:: Given entries ::

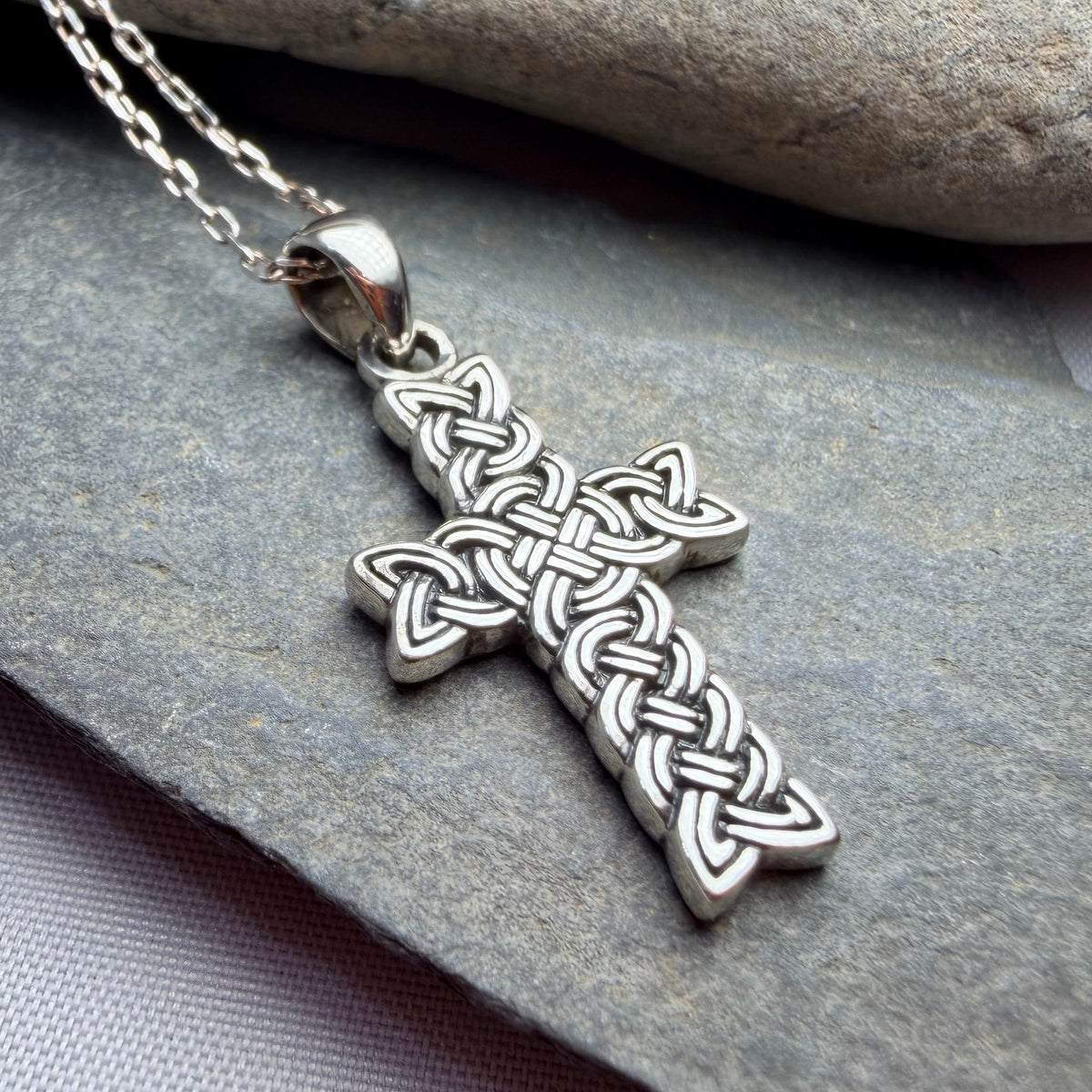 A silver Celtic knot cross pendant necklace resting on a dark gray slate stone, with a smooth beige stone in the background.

:::
:: Given entries ::

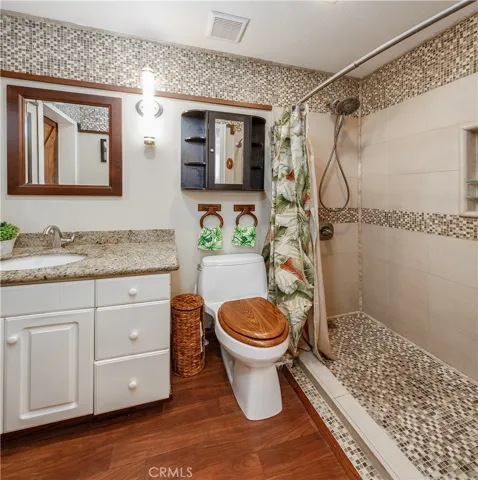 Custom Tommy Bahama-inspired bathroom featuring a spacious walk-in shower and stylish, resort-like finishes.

:::
:: Given entries ::

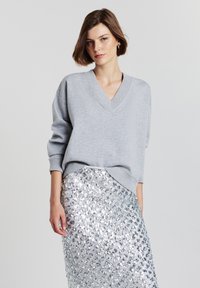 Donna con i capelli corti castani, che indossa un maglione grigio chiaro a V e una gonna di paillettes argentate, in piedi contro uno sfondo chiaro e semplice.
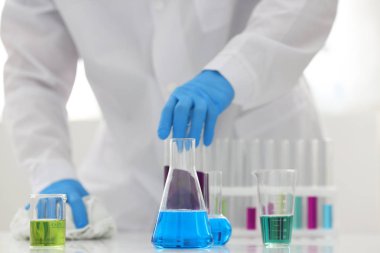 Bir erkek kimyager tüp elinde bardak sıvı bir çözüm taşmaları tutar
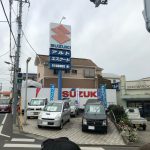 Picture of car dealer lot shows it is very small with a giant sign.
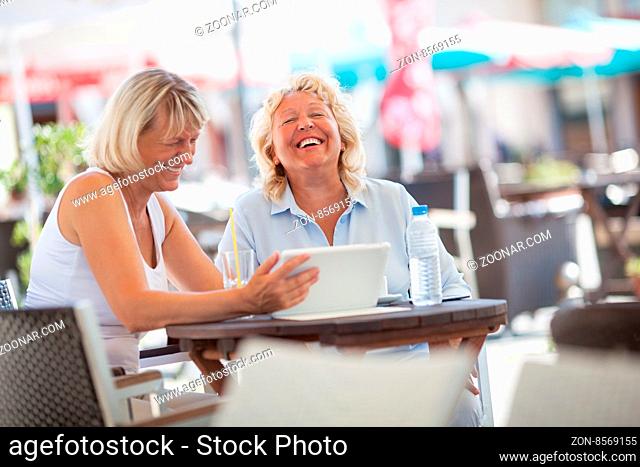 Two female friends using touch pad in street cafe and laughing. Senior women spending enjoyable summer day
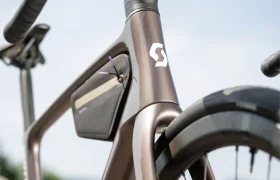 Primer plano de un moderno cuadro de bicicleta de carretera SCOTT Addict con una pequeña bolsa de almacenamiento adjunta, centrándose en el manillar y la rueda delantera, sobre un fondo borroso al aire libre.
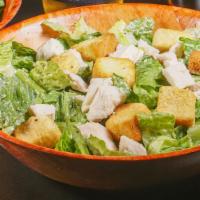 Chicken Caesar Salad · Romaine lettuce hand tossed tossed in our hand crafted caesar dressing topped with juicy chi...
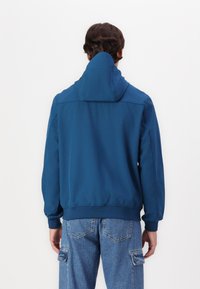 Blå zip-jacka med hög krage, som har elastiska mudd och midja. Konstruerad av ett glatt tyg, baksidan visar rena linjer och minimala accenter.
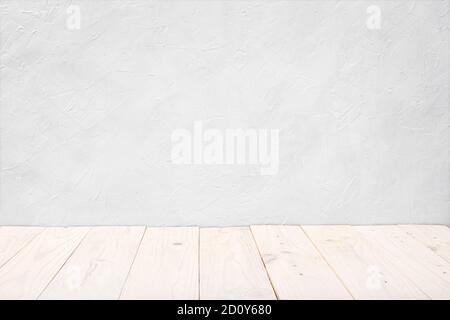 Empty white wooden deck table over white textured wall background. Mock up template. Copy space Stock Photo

:::

From the listing above, repeat only the lines between the line containing "Donna con i" and the line containing "Empty white wooden", those two included. Pictures are not part of the copy.

Result below ->
 Donna con i capelli corti castani, che indossa un maglione grigio chiaro a V e una gonna di paillettes argentate, in piedi contro uno sfondo chiaro e semplice.
 Bir erkek kimyager tüp elinde bardak sıvı bir çözüm taşmaları tutar
 Picture of car dealer lot shows it is very small with a giant sign.
 Two female friends using touch pad in street cafe and laughing. Senior women spending enjoyable summer day
 Primer plano de un moderno cuadro de bicicleta de carretera SCOTT Addict con una pequeña bolsa de almacenamiento adjunta, centrándose en el manillar y la rueda delantera, sobre un fondo borroso al aire libre.
 Chicken Caesar Salad · Romaine lettuce hand tossed tossed in our hand crafted caesar dressing topped with juicy chi...
 Blå zip-jacka med hög krage, som har elastiska mudd och midja. Konstruerad av ett glatt tyg, baksidan visar rena linjer och minimala accenter.
 Empty white wooden deck table over white textured wall background. Mock up template. Copy space Stock Photo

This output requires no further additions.